Sebelum masuk lebih jauh, penting saya sampaikan bahwa tulisan ini sama sekali tidak bermaksud untuk mengajak Anda mengambil tindakan golput, tapi penulis hanya ingin memberikan gambaran ada sebuah kondisi dimana golput merupakan sebuah tindakan yang rasional.

Mengapa golput?

Pada intinya golput terjadi karena kriteria calon yang ada tidak sesuai dengan apa yang Anda harapkan. Akan lebih mudah memaahami mengapa golput bisa terjadi dengan sebuah contoh. Misalkan Anda berjalan-jalan disepanjang margonda raya sewaktu masa kampanye belum memasuki masa tenang, Anda pasti akan menemukan banyak sekali atribut-atribut seperti baliho, spanduk, poster, dll yang berisi tentang caleng ataupun parpol tertentu. Atribut-atribut tersebut mempunyai tujuannya untuk memberikan informasi kepada Anda sebagai pemilih. Namun, pada kenyataannya, benda-benda tersebut sama sekali tidak memberikan sebuah informasi yang membuat Anda sebagai pemilih mau untuk memberikan suara pada calon tersebut. Anda akan banyak menemukan atribut-atribut tersebut tidak memiliki visi dan misi yang akan dibawa melainkan hal-hal lain seperti menyandingkan calon dengan tokoh nasional, keluarga, ataupun artis.

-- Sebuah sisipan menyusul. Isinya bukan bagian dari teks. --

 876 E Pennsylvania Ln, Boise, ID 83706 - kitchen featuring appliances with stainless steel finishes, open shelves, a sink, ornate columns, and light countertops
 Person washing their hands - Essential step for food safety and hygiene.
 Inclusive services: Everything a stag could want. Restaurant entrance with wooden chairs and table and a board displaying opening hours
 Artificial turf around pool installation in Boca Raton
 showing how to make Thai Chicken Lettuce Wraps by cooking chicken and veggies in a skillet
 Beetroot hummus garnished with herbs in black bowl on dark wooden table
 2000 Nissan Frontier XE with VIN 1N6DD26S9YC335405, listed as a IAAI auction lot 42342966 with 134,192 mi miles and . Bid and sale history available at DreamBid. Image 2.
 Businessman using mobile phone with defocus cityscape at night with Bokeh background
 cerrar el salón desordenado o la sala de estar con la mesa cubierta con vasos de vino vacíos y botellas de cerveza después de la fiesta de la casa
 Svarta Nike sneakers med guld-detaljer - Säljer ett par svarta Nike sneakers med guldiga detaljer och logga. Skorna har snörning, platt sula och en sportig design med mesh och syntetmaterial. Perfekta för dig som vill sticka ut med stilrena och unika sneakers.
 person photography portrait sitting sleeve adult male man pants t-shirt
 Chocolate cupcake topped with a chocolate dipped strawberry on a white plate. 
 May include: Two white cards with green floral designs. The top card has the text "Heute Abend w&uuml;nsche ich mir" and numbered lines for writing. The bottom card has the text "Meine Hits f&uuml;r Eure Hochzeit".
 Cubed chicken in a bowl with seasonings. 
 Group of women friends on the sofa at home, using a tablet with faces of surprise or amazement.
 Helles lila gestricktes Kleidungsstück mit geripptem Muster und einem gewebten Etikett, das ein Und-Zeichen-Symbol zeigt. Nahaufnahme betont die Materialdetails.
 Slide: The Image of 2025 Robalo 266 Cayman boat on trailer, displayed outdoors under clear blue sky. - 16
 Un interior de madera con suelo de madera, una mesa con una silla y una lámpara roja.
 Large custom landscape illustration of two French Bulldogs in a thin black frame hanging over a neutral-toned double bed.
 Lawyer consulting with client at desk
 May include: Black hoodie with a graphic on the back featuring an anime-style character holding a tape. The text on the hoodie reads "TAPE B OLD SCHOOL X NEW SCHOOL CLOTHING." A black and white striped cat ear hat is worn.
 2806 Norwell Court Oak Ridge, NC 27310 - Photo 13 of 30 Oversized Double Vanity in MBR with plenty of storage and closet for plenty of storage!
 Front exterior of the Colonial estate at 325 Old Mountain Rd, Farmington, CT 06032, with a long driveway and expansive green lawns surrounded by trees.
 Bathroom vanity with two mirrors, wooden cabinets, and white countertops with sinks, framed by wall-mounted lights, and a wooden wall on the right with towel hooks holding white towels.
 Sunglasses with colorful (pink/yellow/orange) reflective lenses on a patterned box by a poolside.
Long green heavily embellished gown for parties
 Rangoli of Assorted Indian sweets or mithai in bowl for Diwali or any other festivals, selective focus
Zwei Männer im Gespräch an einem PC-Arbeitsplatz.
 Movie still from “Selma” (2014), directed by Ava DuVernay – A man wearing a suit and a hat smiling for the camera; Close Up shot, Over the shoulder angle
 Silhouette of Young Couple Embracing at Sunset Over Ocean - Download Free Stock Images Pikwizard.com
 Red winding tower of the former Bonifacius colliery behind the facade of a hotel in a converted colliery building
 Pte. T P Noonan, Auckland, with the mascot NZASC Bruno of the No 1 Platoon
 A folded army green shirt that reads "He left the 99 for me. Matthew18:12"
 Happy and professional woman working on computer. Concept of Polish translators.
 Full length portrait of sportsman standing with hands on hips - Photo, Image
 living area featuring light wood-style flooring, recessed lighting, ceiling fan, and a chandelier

Karena Anda penasaran dengan misalnya salah satu parpol, Anda mendatangi sebuah kampanye terbuka dari salah satu parpol tersebut. Namun yang anda dapatkan justru saling menjelek-jelekkan kebikajan-kebijakan sebelumnya bukannya memaparkan visi dan misi agar Anda dapat menyesuaikan dengan perubahan apa yang Anda inginkan, maka pengorbanan yang anda keluarkan lebih besar ketimbang kepuasan yang anda dapatkan. pada kondisi inilah rational ignorance berlaku, Anda akhirnya bisa memutuskan untuk tidak memilih atau golput. Itu adalah sebuah tindakan rasional dan bagaimanapun penulis menilai bahwa didalam memilih, seseorang tidak dapat dipaksakan untuk memilih sesuatu yang tidak ia sukai.

Golput, Sebuah Inefisiensi

Pada pemilu 2009 ini, negara memberikan anggaran lebih dari 10 triliun rupiah. Ini bukan merupakan jumlah yang sedikit, oleh karena itu sangat disayangkan bila pemilu ini diwarnai oleh tingginya angka golput sebesar 67 juta suara. Ini merupakan sebuah inefisiensi anggaran negara, bayangkan berapa banyak surat suara yang sudah dicetak namun tidak terpakai begitu saja. Dan pada akhirnya, golput akan menjadi sebuah Dead Weight Loss.

Terlepas dari golput itu haram, hak warga negara, atau apa lah itu, golput menjadi fenomena menarik untuk dikaji lebih lanjuta pada pesta demokrasi. Meski presentase golput diperkirakan akan besar, namun hal tersebut tidak akan mempengaruhi keputusan pemilu, termasuk tidak bisa menunjukkan ketidakabsahan pemilu tersebut. Apabila Anda menginginkan sebuah perubahan maka kenalilah calon pilihan Anda dengan baik dan gunakanlah hak pilih Anda. Penulis juga sangat menghargai demokrasi, tapi hanya membenarkan golput pada suatu kondisi tertentu.